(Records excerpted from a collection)
********

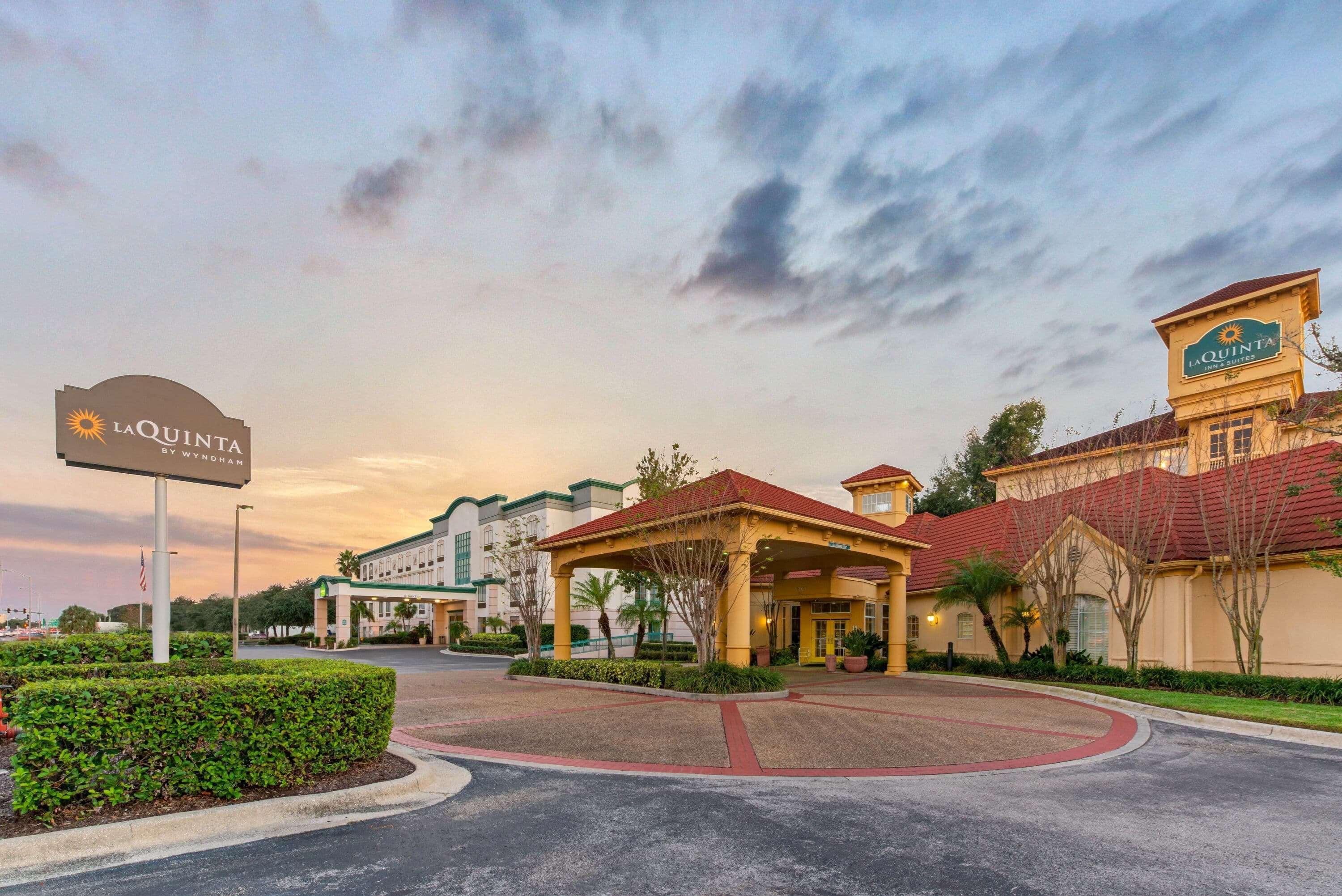 La Quinta By Wyndham Usf Hotel Tampa Exterior foto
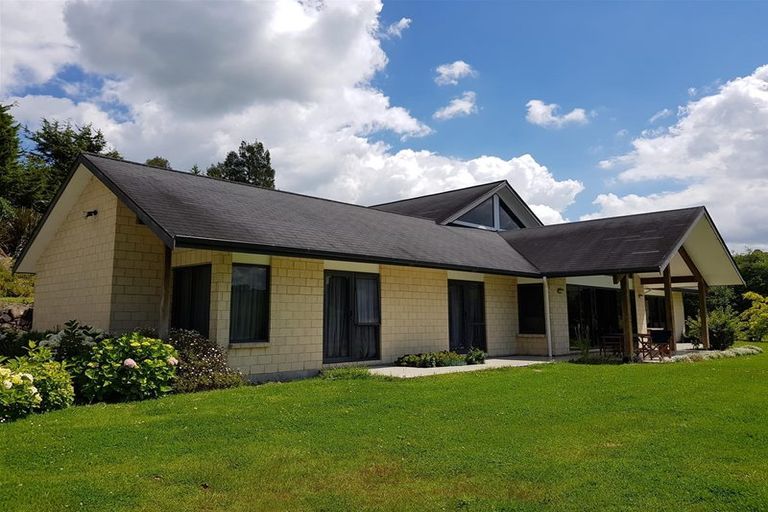 Photo of property in 87 Hurndall Street East, Maungaturoto, 0520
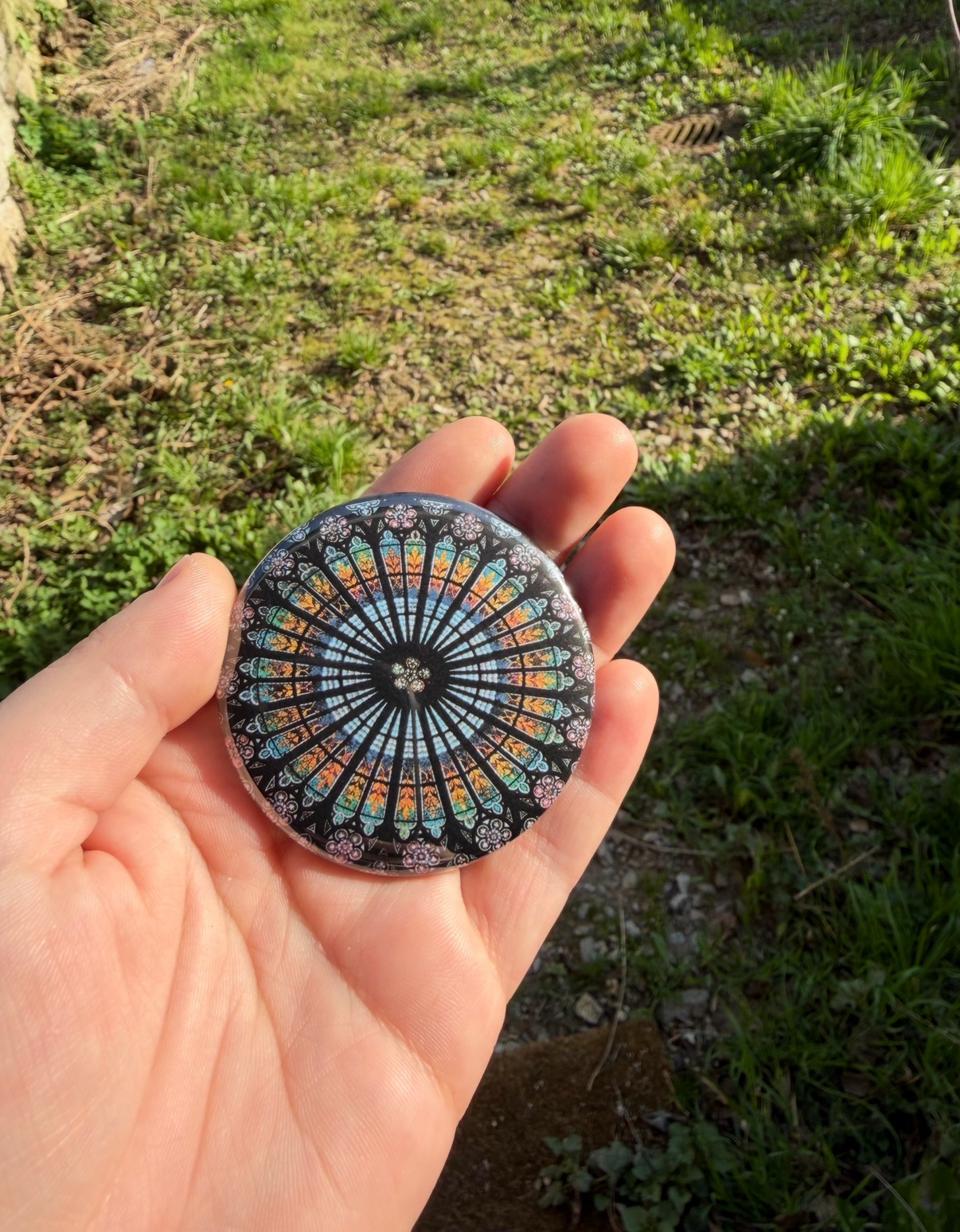 Rosace de la Cathédrale Notre Dame de Strasbourg en magnet, magnet décapsuleur, badge ou miroir et sa carte offerte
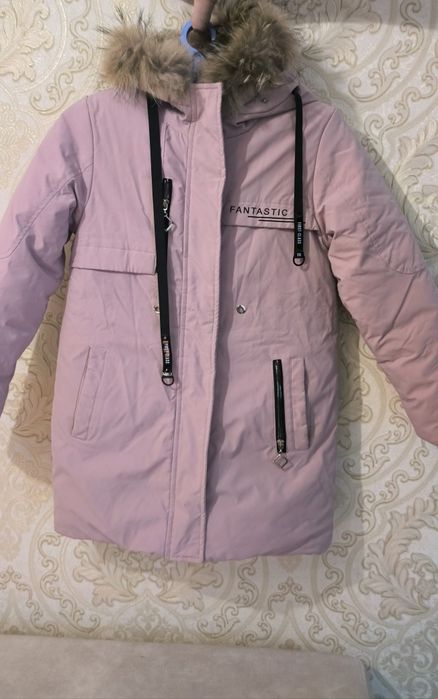 Парка на дівчинку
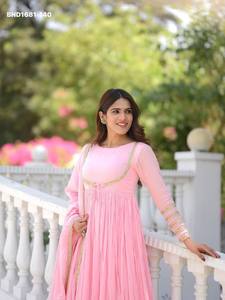 Hermoso traje Anarkali de seda Nc Vichitra con encaje dorado, listo para usar, de manga larga, conjunto de pantalón y dupatta, exportador indio. - Product Image 2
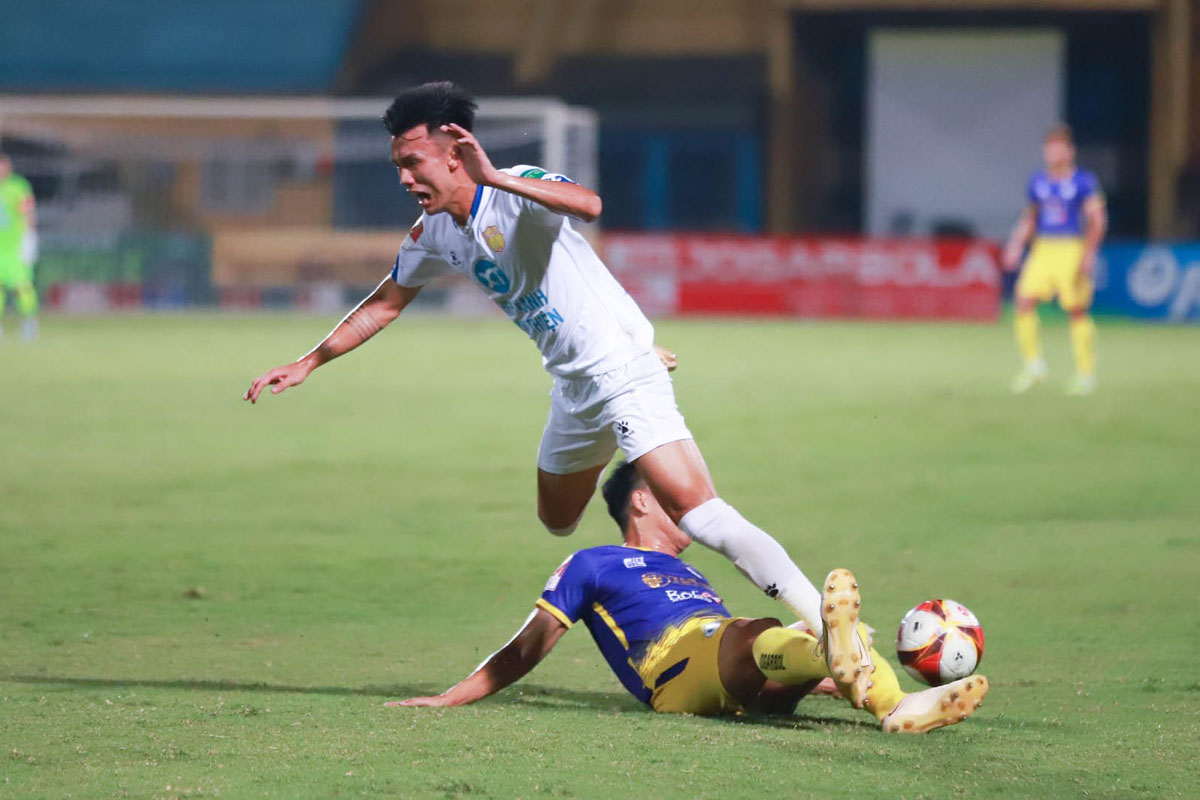 Kết quả vòng 11 V.League: Hà Nội FC thắng tối thiếu trước Thép Xanh Nam Định - Ảnh 3.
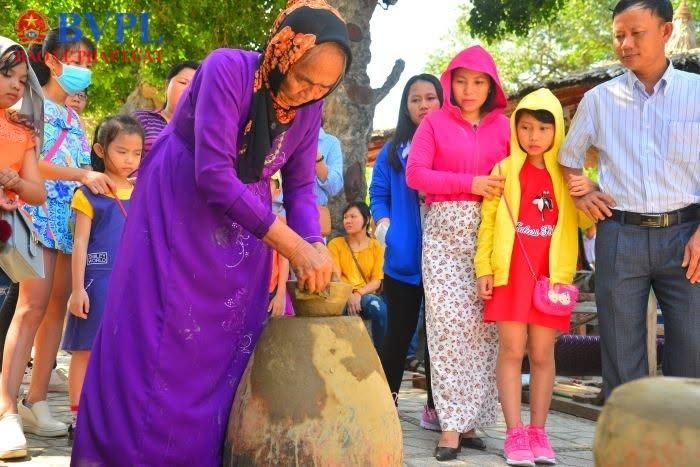 Nghệ nhân trình diễn kỹ thuật nặn gốm. Ảnh: NH.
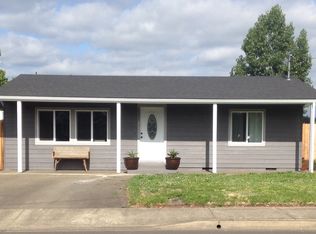 1321 NW Keasey St, Roseburg, OR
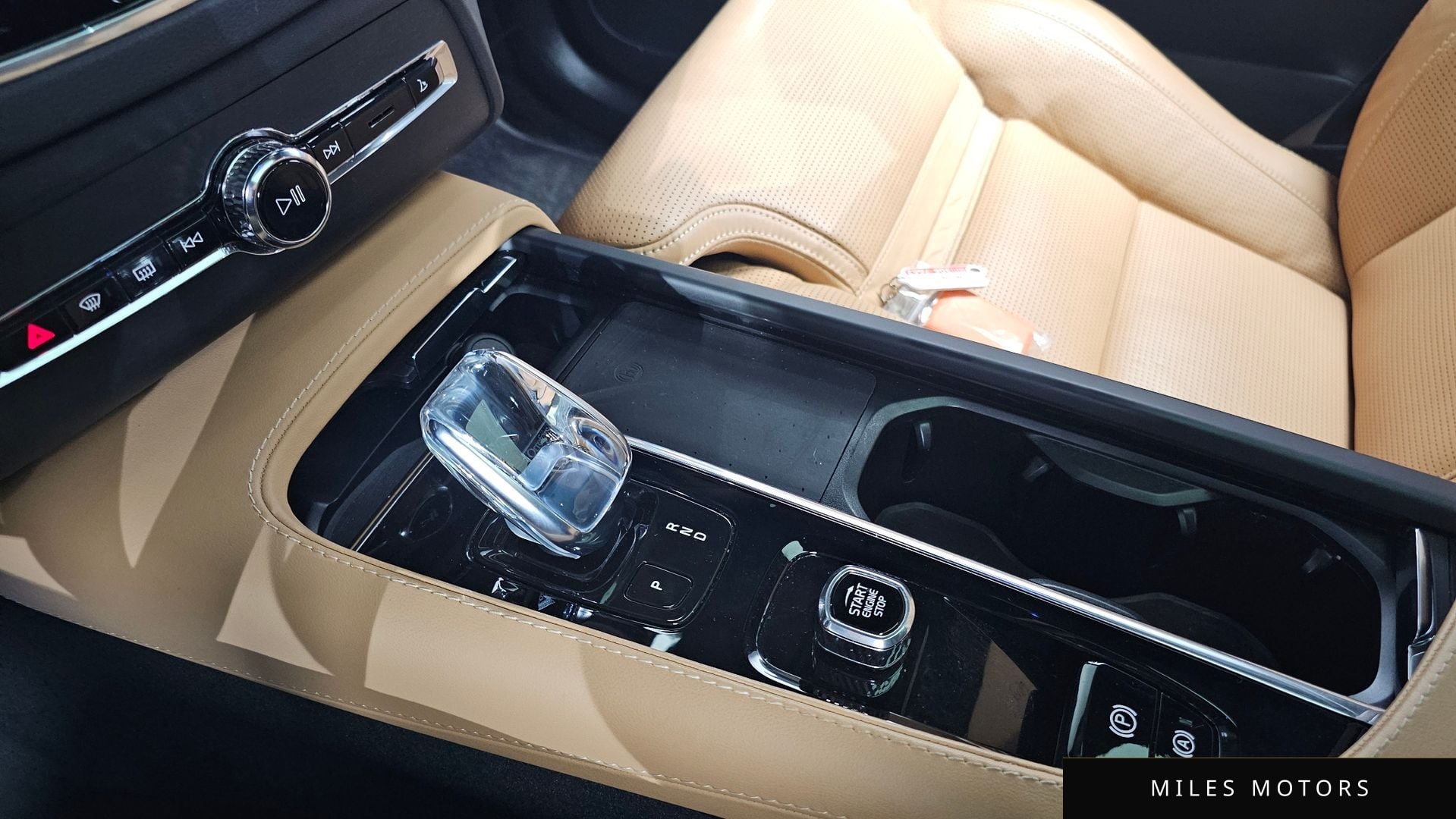 Volvo XC90 2022 — миниатюра 9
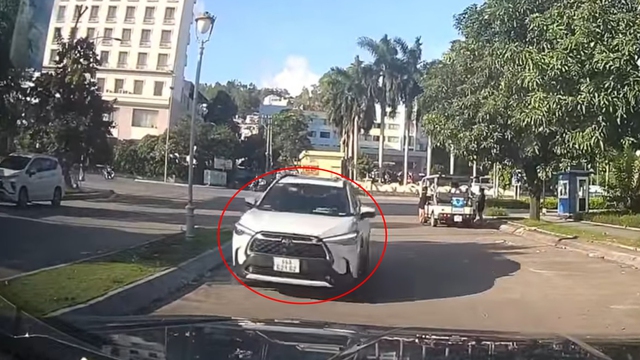 Ô tô Toyota Corolla Cross chạy ngược chiều, lao thẳng vào xe khác ‘như tự sát’ - Ảnh 2.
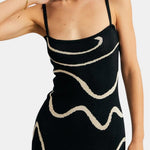 Iliana - Black Wave-Pattern Mermaid-Hem Knit Midi Dress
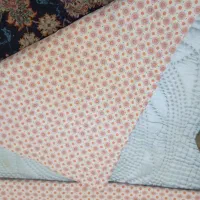 لحاف|رختخواب، بالش، پتو|کاشان, کلنگه|دیوار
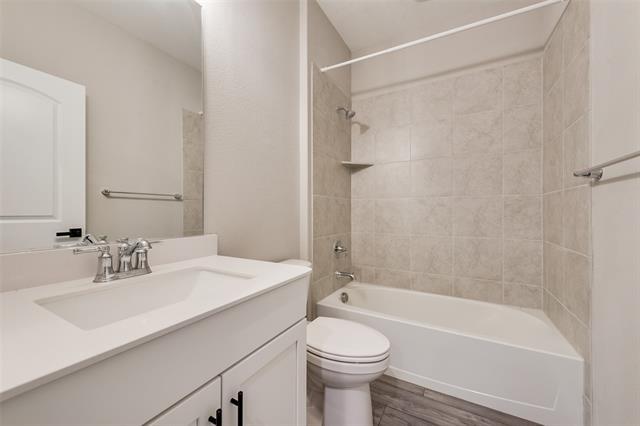 Building Photo - 1116 Rumble Dr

********

- _Exercise prompt_
Repeat, word for word and with no pictures, only the lines running from the beginning of the data to the line that contains "Hermoso traje Anarkali".

- _Output_
 La Quinta By Wyndham Usf Hotel Tampa Exterior foto
 Photo of property in 87 Hurndall Street East, Maungaturoto, 0520
 Rosace de la Cathédrale Notre Dame de Strasbourg en magnet, magnet décapsuleur, badge ou miroir et sa carte offerte
 Парка на дівчинку
 Hermoso traje Anarkali de seda Nc Vichitra con encaje dorado, listo para usar, de manga larga, conjunto de pantalón y dupatta, exportador indio. - Product Image 2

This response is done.